Wednesday, April 22, 2009

A Good Look Behind

A while back I was driving on the freeway when my rearview mirror decided to commit suicide. In an instant, it leaped away from its secure and beneficial position, crashed on the dash and rolled onto the floor, there to lie in state. I couldn’t believe it.

Grief over the untimely and unnatural death of the mirror swept over me, and I became vividly aware of how instantly insecure I felt.

I couldn’t see behind.

Until replacing it about a week later, each time I drove somewhere I felt little security about what was before me because I had become insecure about what was behind. I drove around always on edge and with virtually no confidence. For a while I forced myself to drive without a look behind, but until I replaced the mirror, I never felt right.

I do that sometimes in life, as well, and it’s terribly dangerous because I don’t do good without a good look behind. My going forward first requires a look back at what has been done for me by Jesus. If I forget to take a look, or if I can’t see behind, I’ll be out of sorts wherever I go.

I must know and have settled in my heart the momentous occasion of my past crucifixion and resurrection with Christ Jesus. If I don’t, I’ll bash around in my day like a bumper car at Disneyland; fun for a while, but getting nowhere. When Jesus died, in Him the guy I used to be died, too. When Jesus rose from the dead, the new me did, too.

My look behind at what Jesus did for me and to me means I can go forward, knowing the truth about how to live and look at what’s ahead. And everything’s different. From then on I regard nothing and no one from a worldly viewpoint (2 Cor 5:16). Instead, I listen and look for the Spirit’s involvement with me and figure He knows about everything and everyone else. It’s then I’m led by the Spirit, which has become my new normal way to live. Knowing what’s gone on behind me allows me to look forward with confidence because I know that I’m really living. I need that! And it’s then I live for what’s eternally true, not for what’s temporarily before me.

In view of the past, I can see ahead; and it doesn’t look so bad from there.


  1. Anonymous7:13 PM

    I have a lot of struggles with time.
    When I focus on the past, bad memories tend to crop up "you're a failure". When I focus on the present, lots of performance stuff tries to crowd its way in-between me and friends,stuff like "you should look like this" or "you should say that" or "you shouldn't have said that" or worse "they don't really like you- this isn't real". When I focus on the future I become a worry-wort "what are you going to do if this happens? You can barely take care of yourself now". I am plagued.
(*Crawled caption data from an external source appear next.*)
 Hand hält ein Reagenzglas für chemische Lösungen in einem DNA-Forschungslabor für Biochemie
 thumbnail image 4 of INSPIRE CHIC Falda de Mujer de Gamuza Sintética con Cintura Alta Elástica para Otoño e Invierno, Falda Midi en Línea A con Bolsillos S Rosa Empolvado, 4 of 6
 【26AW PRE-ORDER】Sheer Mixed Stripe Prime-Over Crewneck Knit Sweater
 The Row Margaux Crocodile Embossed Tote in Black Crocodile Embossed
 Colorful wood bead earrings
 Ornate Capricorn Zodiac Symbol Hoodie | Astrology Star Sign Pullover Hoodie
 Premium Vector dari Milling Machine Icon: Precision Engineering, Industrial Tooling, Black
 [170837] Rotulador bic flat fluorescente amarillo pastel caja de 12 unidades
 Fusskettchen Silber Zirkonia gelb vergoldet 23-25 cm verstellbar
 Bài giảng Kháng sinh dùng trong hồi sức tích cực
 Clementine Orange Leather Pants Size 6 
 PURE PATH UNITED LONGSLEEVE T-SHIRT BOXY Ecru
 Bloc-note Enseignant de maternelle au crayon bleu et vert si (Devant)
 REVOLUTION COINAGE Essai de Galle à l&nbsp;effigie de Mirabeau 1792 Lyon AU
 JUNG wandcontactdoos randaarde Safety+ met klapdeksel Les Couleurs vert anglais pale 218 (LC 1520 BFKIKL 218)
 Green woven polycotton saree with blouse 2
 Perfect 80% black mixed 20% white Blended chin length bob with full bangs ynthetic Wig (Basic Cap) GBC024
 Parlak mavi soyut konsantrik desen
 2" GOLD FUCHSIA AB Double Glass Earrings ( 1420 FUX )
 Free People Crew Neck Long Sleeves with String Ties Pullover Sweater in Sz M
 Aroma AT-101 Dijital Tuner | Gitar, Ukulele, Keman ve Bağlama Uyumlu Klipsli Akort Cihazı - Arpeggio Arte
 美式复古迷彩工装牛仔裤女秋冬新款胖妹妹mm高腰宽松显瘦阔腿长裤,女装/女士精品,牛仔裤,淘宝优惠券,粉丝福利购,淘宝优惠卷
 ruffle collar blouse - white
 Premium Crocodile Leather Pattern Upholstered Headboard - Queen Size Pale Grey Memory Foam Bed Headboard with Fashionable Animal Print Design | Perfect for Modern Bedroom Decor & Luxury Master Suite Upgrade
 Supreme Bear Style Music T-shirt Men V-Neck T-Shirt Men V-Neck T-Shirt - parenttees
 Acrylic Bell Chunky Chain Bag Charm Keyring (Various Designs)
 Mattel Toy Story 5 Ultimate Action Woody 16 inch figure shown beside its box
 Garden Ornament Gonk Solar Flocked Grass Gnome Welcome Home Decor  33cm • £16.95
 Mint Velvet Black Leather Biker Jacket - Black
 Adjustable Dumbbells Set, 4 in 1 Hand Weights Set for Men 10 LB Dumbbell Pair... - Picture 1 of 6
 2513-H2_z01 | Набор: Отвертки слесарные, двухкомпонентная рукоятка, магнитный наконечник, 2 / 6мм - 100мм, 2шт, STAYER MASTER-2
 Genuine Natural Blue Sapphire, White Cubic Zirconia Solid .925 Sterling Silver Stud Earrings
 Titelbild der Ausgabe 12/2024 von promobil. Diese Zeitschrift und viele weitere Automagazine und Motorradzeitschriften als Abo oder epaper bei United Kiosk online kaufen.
When I read your blog post I hear "You are so self-centered; you really ought to focus on Jesus more". Every message, no matter how it's meant to come across, gets perverted as it is filtered through my brain.
    But sometimes something good gets through too. Lately Paul's words about running the race and never looking back mean more to me than anything. I focus on the path laid before me (by Jesus Christ) and the path walked by me (with Jesus Christ) instead of getting dragged into the potholes. I'm pretty sure it's a path and storyline that exist outside of time and space...which gets me out of the time struggle.

  2. You sound great. And I know that He is faithful to you, His workmanship. How pleased He must be with you!


  3. Anonymous7:25 PM

    He is. Even when I'm at my most crazy and messy, which I find a little dumbfounding.
    & thanks for the response, Ralph. You're a blessing.